GOAL OF THE EXERCISE: Here the job is to retype the data word for word while leaving the pictures aside.
*** Opening of MATERIAL PROVIDED ***
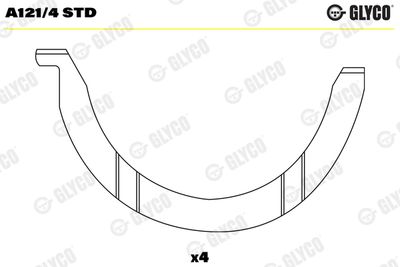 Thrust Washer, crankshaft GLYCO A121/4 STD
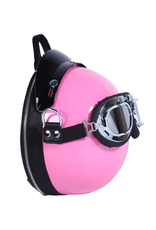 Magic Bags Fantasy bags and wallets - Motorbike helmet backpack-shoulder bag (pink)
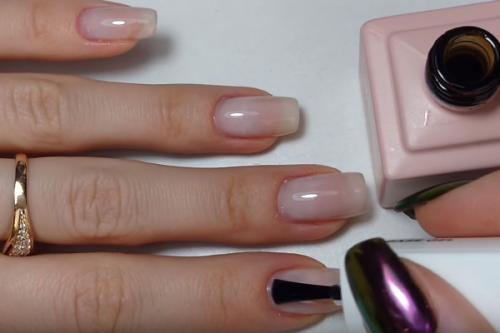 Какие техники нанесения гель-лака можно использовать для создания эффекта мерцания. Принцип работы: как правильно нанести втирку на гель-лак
*** Close of MATERIAL PROVIDED ***
YOUR SOLUTION:
 Thrust Washer, crankshaft GLYCO A121/4 STD
 Magic Bags Fantasy bags and wallets - Motorbike helmet backpack-shoulder bag (pink)
 Какие техники нанесения гель-лака можно использовать для создания эффекта мерцания. Принцип работы: как правильно нанести втирку на гель-лак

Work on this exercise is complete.